Before she was old enough to attend elementary school, Miracle Jones learned many challenging and impactful life lessons. The incarceration of her father when she was just a child changed the trajectory of her entire life. While the situation gave her a crash course in how systems impact one’s daily life, it also introduced her to community support and mutual aid organizing. At the time, she had no idea that she would find her life’s work rise out of her family’s struggle, leading her to become a community organizer and queer activist.
Miracle has dedicated numerous years mobilizing against prison systems and violence. Her work focuses on implementing abolition-based principles and transformative justice through advocacy, art, policy, and writing. She has organized programs in Georgia, Illinois, and Pennsylvania to raise concerns about violence, discrimination, and gentrification.
Miracle Jones serves as the Director of Advocacy and Policy at 1Hood Media Academy. In her role, she meets with stakeholders and impacted persons to engage around intersectional solutions to ensure communities are resourced and supported. She also ensures artists are a part of the conversations through the visioning process to show what liberated communities may look like.

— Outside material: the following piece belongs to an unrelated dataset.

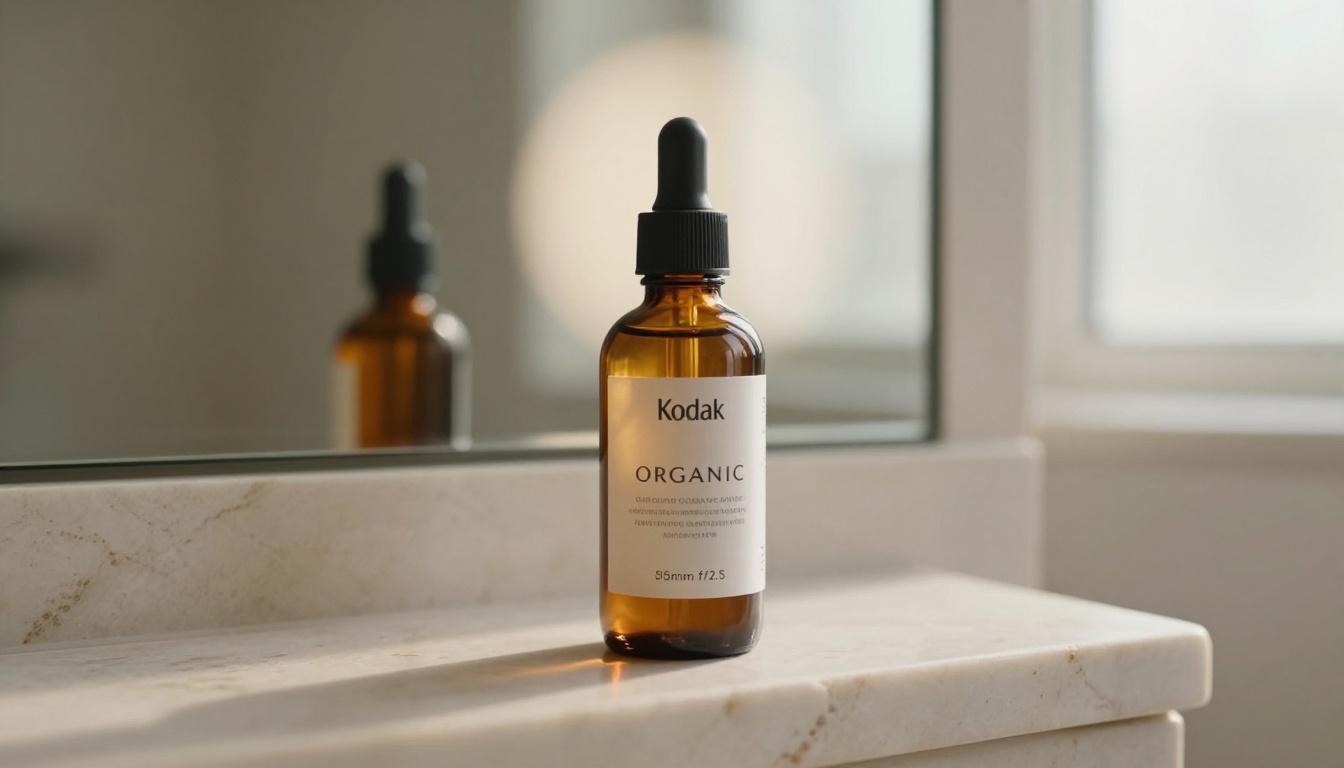 Premium skincare serum bottle on marble shelf with morning light and mirror reflection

As the director of legislative affairs for 1Hood Power, she serves in the political arena as a criminal justice strategist and an advocate for equity at the intersections of gender, race, disability, and class. She received her bachelor’s degree in Political Science from Georgia State University and the Community, Organization, and Social Action (COSA) MSW specialization at the University of Pittsburgh School of Social Work. Miracle is a licensed attorney in New York and received her J.D. from the University of Pittsburgh School of Law.
To continue to expand on the work that she has done and to honor her father’s life, she aspires to run a holistic re-entry program that serves to reconnect individuals with families and communities, prioritizing those who have been away for at least five years. She feels that a great deal of emotional and communal loss happens when people are incarcerated, so she desires to create a public-private partnership program that begins to help them prepare for their return home while also providing support to their family members and friends.
Miracle is looking forward to the time when she can travel the world like Anthony Bourdain and make connections with food, community, and culture.